Part:BBa_K3610003

BAK1 Ectodomain from Arabidopsis thaliana

This part is a version of the BAK1 receptor from A. thaliana (Part:BBa_K3610001 for full length) without the intracellular kinase domain and without the native signal sequence.

Usage and Biology

Figure 1: BAK1 ectodomain protein structure (Uniprot Q94F62)

The BRI1-associated receptor kinase (BAK1) is a leucine-rich repeat receptor kinase (LRR-RK) which interacts with multiple other LRR-RKs with different functions in hormone signalling and defense response. BAK1 localizes at the plasma membrane and the endosome. The BAK1 protein forms a structure with an extracellular domain with leucine-rich repeats, a single pass transmembrane domain and an intracellular domain with a kinase function.

Among others, BAK1 interacts with the LRR-RKs EF-Tu receptor (EFR), Flagellin sensing 2 (FLS2) and cold-shock protein receptor (CORE), all of which are pathogen recognition receptors (PRR) in brassicaceae plants. Upon binding of a microbe-associated molecular pattern at the LRR domain of the PRR, BAK1 forms a heterodimer with the PRR which triggers a phosphorylation cascade, leading to upregulation of defense mechanisms.

This part includes only the ectodomain and the transmembrane domain. The intracellular kinase domain was cleaved off. Additionally, the natural signal peptide sequence, which is necessary for localization at the cell membrane in the plant, has been cleaved off as well. Therefore, this part needs to be used together with a signal peptide from the organism in which the protein is expressed.

Plant Immunity Based Biosensing

For visualizing the interaction of BAK1 with other plant receptors the cytoplasmic domain can be replaced with a split fluorescent protein or another protein that generates a visual output. For our iGEM project, we designed a system to use this mechanism for detection of bacterial epitopes in water. We used this part for multiple experiments.

Expression with YFP

We fused this part together with the yellow fluorescent protein venus with a 15 amino acids long linker and added the secretion signal from the alpha-Factor, a protein from S. cerevisiae. The corresponding composite part is Part:BBa_K3610032 (the results for this experiment are also on this parts page). We expressed this protein in S. cerevisiae to test two things. First of all, we wanted to see whether the protein gets expressed at all, and secondly, we were interested in seeing, whether the secretion signal from yeast and the receptor without the intracellular kinase domain would be sufficient for localization at the cell periphery.
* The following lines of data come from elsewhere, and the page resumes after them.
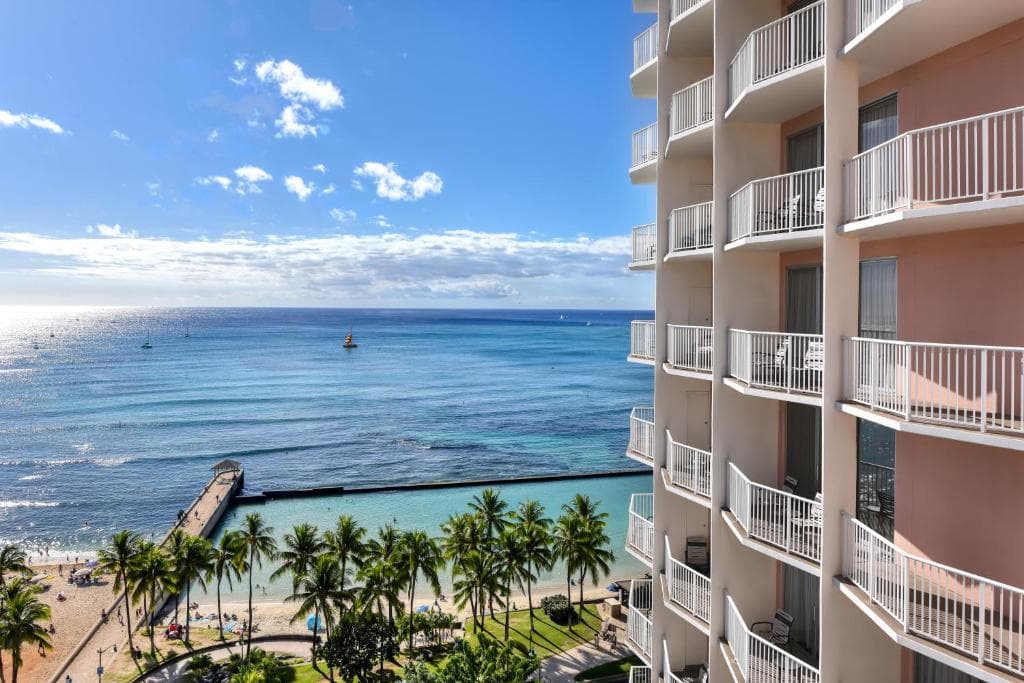 Park Shore Waikiki - 8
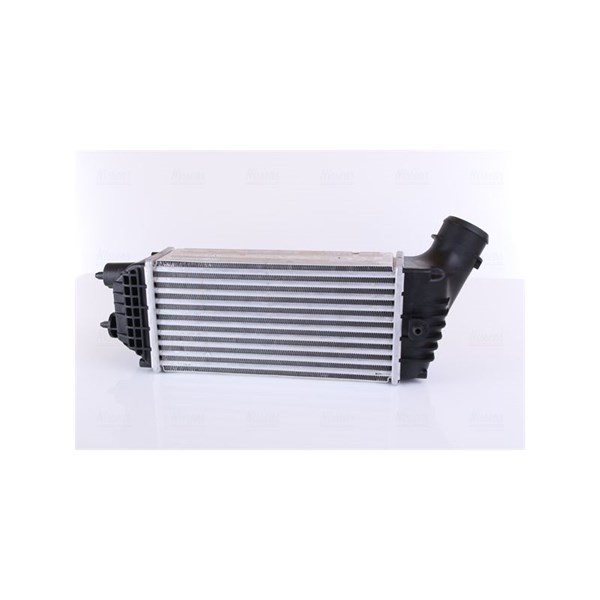 Intercooler Nissens 96518 NISSENS Intercooler Nissens 96518 NISSENS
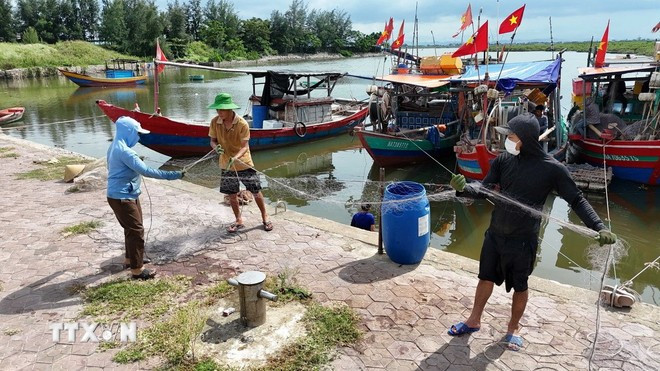 Người dân tại xã Lộc Hà thu dọn ngư lưới cụ để phòng tránh bão. (Ảnh: Hữu Quyết/TTXVN) Người dân tại xã Lộc Hà thu dọn ngư lưới cụ để phòng tránh bão. (Ảnh: Hữu Quyết/TTXVN)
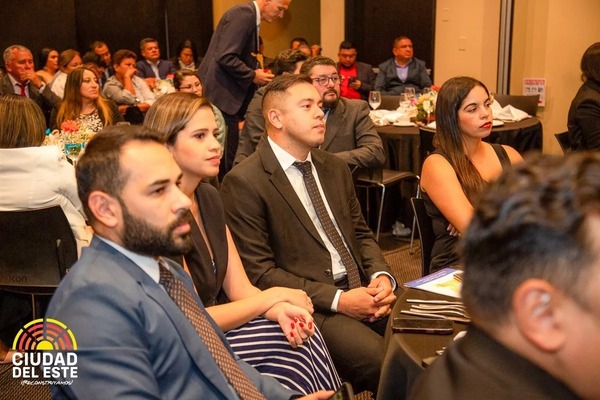 Exigen devolución de viáticos por viaje improductivo de Prieto a Bogotá - ADN Digital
In a first step we inserted the single fragments making up this part into a plasmid with a gentamycin-3-acetyltransferase gene and transformed E. coli (DH10alpha) with the plasmids for amplification. In the next step we assembled the fragments in a plasmid with a spectinomycin acetyltransferase and amplified the plasmids again in the same E. coli strain. For this step we applied the techniques of Golden Gate Cloning to get the fragments in the right order into the plasmid. The restriction enzyme we chose was BsaI. For expressing this part consisting of YFP and the receptor protein, we initially intended to use promoters of different strengths to get more quantitative data. Finally, we got the construct in a plasmid with a truncated version of the ADH1 promoter from S. cerevisiae. For termination, this part has the terminator sequence of the enolase 2 protein from S. cerevisiae. The plasmid also contained the TRP1 gene, which encodes phosphoribosylanthranilate isomerase, an enzyme that catalyzes the third step in tryptophan biosynthesis. This enabled us to use the same plasmid for expression in S. cerevisiae. We prepared a medium containing YNB and free amino acids, without tryptophan. S. cerevisiae cells (AP4) were transfected with the plasmid and then plated on the selective medium.

Microscopy

After successful transformation of yeast cells we checked for expression of the protein under a confocal microscope.

Figure 2: Control

Figure 3: cells transformed with eBAK fused to YFP, increased fluorescence

Confocal microscopy confirmed increased fluorescence in the S. cerevisiae cells that had been previously transfected with plasmids containing BAK1 ectodomain fused to YFP. This increased fluorescence indicates expression of our genes. As we were particularily interested in seeing where within the cell the receptor would get localized, we stained the membrane with the popular stain FM4-64 and then examined the samples again with confocal microscopy.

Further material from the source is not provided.